__What needs to be done__: Reproduce all of the data below without alteration; exclude every picture.

[Opening The input section]

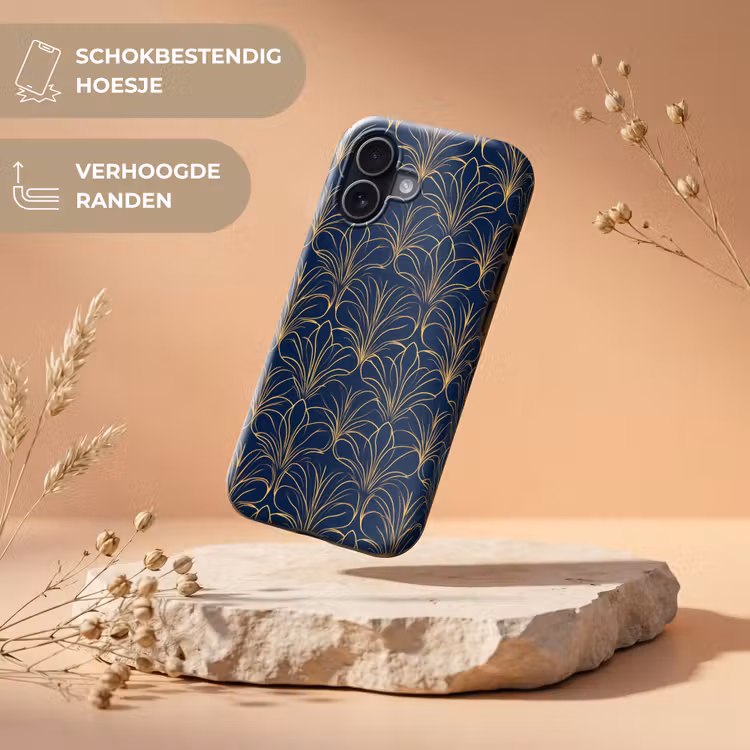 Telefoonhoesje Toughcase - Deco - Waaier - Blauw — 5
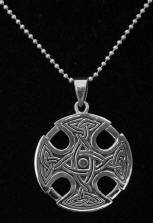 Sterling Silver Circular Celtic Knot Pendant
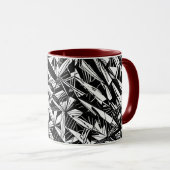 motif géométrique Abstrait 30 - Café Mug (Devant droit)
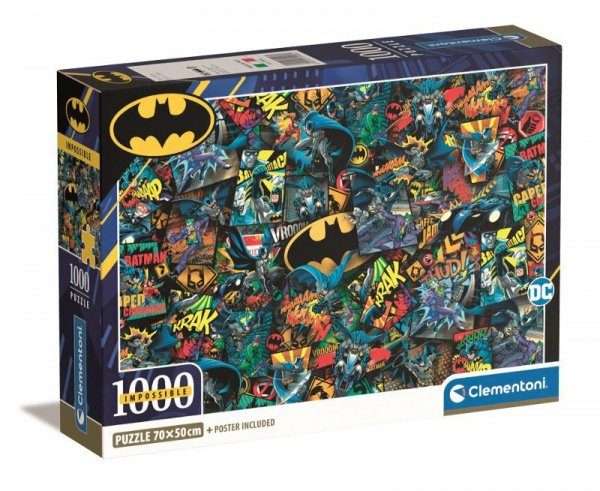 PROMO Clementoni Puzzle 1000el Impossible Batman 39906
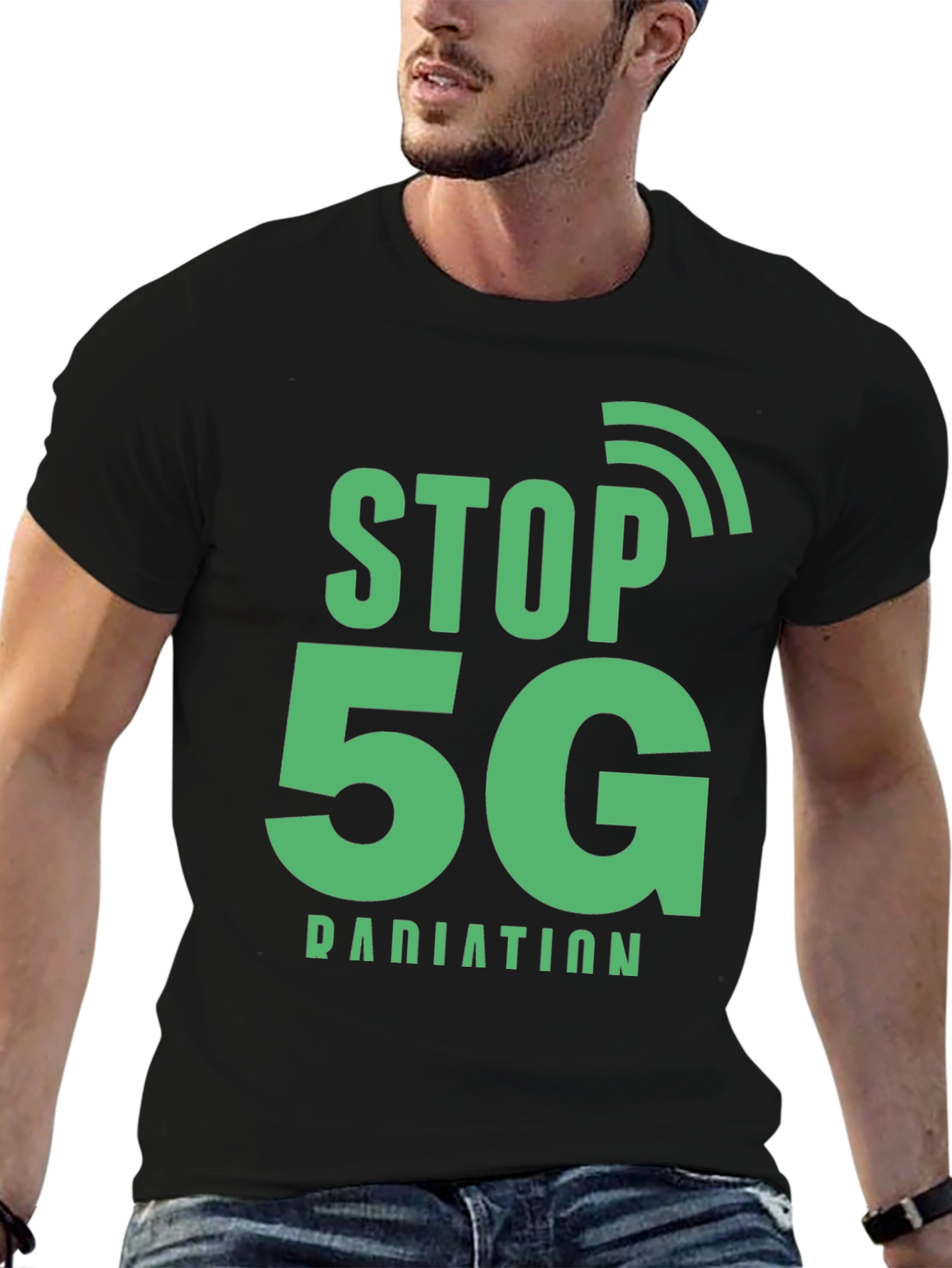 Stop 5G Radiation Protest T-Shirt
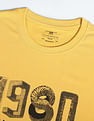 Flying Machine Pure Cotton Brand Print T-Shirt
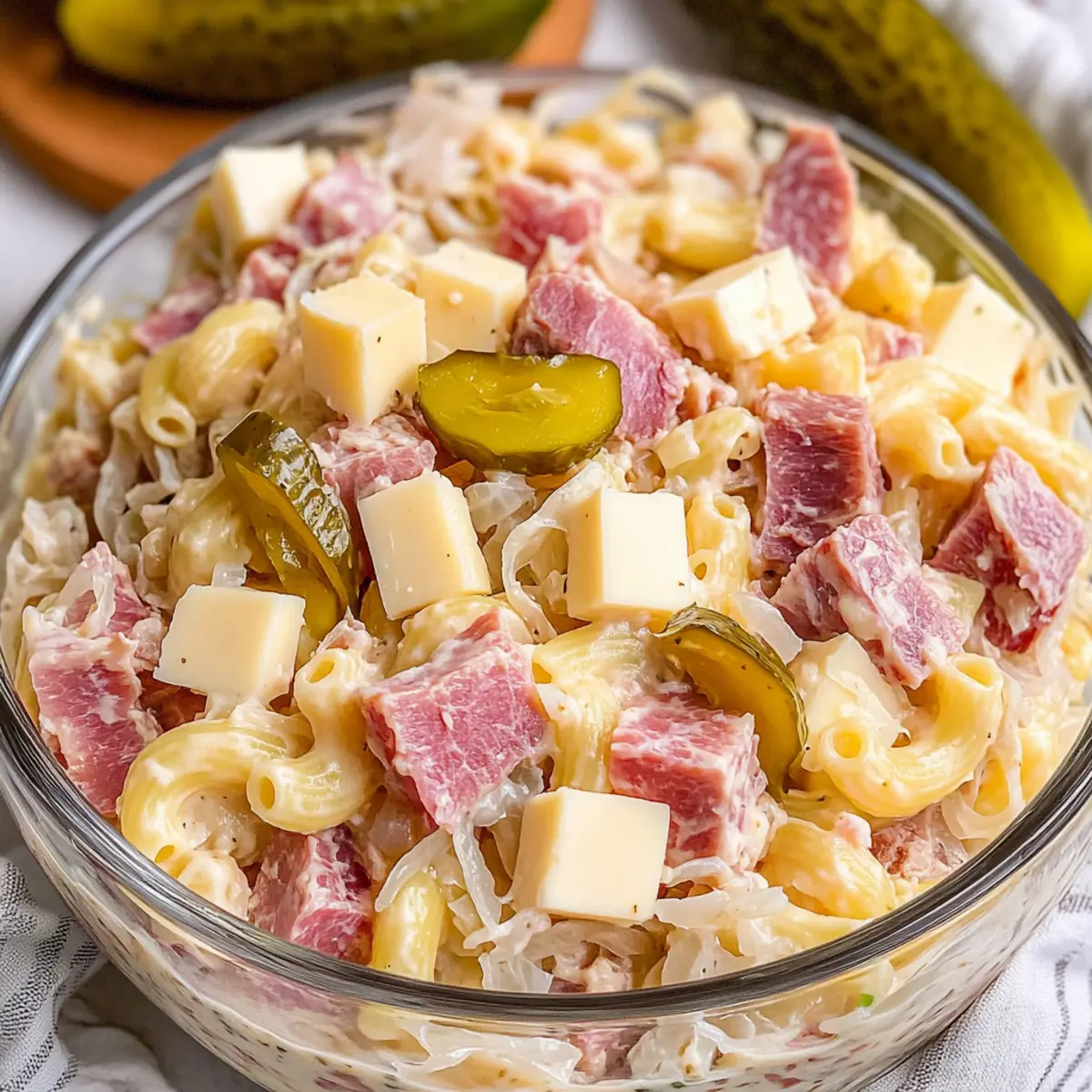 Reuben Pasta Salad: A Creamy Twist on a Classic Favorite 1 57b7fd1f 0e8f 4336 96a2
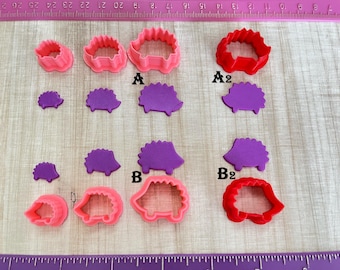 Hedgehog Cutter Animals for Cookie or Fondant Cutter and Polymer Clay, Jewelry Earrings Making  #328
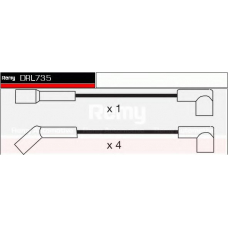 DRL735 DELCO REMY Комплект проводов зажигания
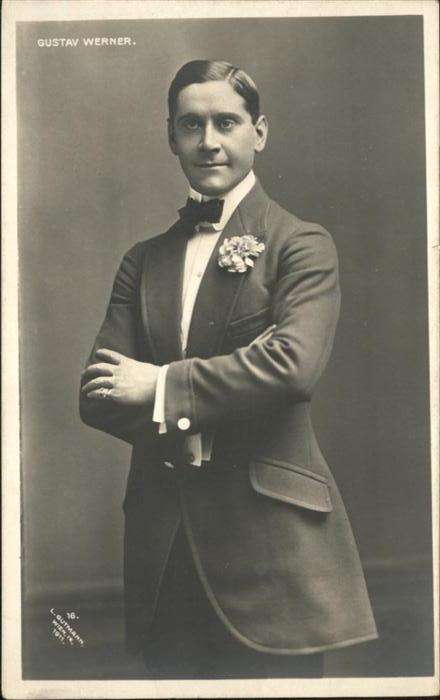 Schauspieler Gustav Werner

[Closing The input section]

__Answer for this exercise__:
 Telefoonhoesje Toughcase - Deco - Waaier - Blauw — 5
 Sterling Silver Circular Celtic Knot Pendant
 motif géométrique Abstrait 30 - Café Mug (Devant droit)
 PROMO Clementoni Puzzle 1000el Impossible Batman 39906
 Stop 5G Radiation Protest T-Shirt
 Flying Machine Pure Cotton Brand Print T-Shirt
 Reuben Pasta Salad: A Creamy Twist on a Classic Favorite 1 57b7fd1f 0e8f 4336 96a2
 Hedgehog Cutter Animals for Cookie or Fondant Cutter and Polymer Clay, Jewelry Earrings Making  #328
 DRL735 DELCO REMY Комплект проводов зажигания
 Schauspieler Gustav Werner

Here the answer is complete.